Bainbridge’s turf petition may not make November ballot

Before he hit the streets to gather signatures from people in favor of banning artificial turf on Bainbridge Island, Chris Van Dyk said he reviewed the law on the issue.

t Attorneys say the city doesn’t have the authority to put it to a vote

Before he hit the streets to gather signatures from people in favor of banning artificial turf on Bainbridge Island, Chris Van Dyk said he reviewed the law on the issue.

What he saw in January, he said, was pretty straightforward; he needed 966 signatures, or 10 percent of the votes cast in the 2007 general election to get his plan – which in addition to banning artificial turf on the island would impose a half-cent sales tax to pay for natural grass fields – on the November ballot. 

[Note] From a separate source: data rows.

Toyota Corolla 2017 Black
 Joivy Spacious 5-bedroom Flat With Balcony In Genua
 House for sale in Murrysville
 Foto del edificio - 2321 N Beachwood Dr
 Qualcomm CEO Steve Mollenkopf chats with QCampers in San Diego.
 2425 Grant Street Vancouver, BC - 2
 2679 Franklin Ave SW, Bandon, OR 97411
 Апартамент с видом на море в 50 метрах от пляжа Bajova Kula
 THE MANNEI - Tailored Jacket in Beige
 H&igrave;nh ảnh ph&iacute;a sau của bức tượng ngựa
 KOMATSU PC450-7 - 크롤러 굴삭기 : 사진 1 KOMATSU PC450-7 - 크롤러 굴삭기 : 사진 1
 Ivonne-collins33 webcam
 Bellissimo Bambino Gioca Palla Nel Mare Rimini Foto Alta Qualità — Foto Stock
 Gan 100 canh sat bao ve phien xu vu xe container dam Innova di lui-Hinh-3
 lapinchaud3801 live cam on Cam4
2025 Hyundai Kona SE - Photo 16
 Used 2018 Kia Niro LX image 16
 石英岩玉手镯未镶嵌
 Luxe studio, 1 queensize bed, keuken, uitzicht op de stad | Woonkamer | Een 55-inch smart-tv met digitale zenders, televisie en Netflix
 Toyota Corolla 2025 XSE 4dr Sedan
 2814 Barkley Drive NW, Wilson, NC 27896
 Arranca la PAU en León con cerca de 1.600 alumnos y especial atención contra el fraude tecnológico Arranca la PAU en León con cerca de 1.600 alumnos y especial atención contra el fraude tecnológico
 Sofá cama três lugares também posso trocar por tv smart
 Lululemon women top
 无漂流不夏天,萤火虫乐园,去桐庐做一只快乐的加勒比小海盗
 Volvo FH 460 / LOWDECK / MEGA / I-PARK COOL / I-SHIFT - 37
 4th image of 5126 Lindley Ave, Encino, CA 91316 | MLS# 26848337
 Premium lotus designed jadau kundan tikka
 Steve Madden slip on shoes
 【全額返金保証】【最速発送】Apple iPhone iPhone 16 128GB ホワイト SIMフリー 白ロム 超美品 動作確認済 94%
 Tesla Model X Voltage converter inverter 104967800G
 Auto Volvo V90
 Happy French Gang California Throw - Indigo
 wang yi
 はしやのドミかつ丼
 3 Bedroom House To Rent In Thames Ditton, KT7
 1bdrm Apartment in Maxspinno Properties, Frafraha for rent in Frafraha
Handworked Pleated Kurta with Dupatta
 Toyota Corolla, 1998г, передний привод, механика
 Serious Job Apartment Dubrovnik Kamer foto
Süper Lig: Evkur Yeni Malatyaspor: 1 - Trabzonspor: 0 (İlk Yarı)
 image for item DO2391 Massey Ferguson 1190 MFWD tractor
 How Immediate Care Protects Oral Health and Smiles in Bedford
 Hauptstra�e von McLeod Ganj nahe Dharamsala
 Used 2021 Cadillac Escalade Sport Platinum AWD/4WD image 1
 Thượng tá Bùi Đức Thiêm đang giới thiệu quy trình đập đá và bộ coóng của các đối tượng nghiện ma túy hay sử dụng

Several months and more than 1,100 signatures later, Van Dyk presented his proposed initiative the city.

The plan was to have it forwarded to the county auditor for eventual placement on the November ballot.

There’s just one problem: the city may not have the legal authority to do so.

“It is my recommendation that the City Council and the city not take any steps to place the offered initiative on the ballot for the next general election,” said City Attorney Paul McMurray in a memo to councilors.

The reason, McMurray said, is that although voter initiative and referendum powers are available to voters in Washington cities, they aren’t automatic; they must be formally adopted first, something that hasn’t happened on Bainbridge.

In fact, according to legal consultants at the nonprofit Municipal Research and Services Center of Washington, less than 50 of the 281 cities incorporated in the state have formally adopted the powers that enable voters to place legislation on the ballot.

McMurray said that unless that were to change – something that can only happen through a strictly prescribed process –  no local initiative, Van Dyk’s included, can be placed on the ballot.

McMurray’s opinion was backed by several other attorneys, including Jay Derr and Kitteridge Oldham, of Seattle firm GordonDerr, and Pat Mason, a senior legal consultant with MRSC.

“In my opinion, this is not a valid initiative petition and it may not be submitted to the voters in its present format at the November election,” Mason wrote in an email to McMurray.

According to state law, establishing the city’s powers of initiative and referendum could happen either by the submission of a petition with the number of signatures equal to 50 percent of the number of voters in the last general election, or by resolution of the City Council.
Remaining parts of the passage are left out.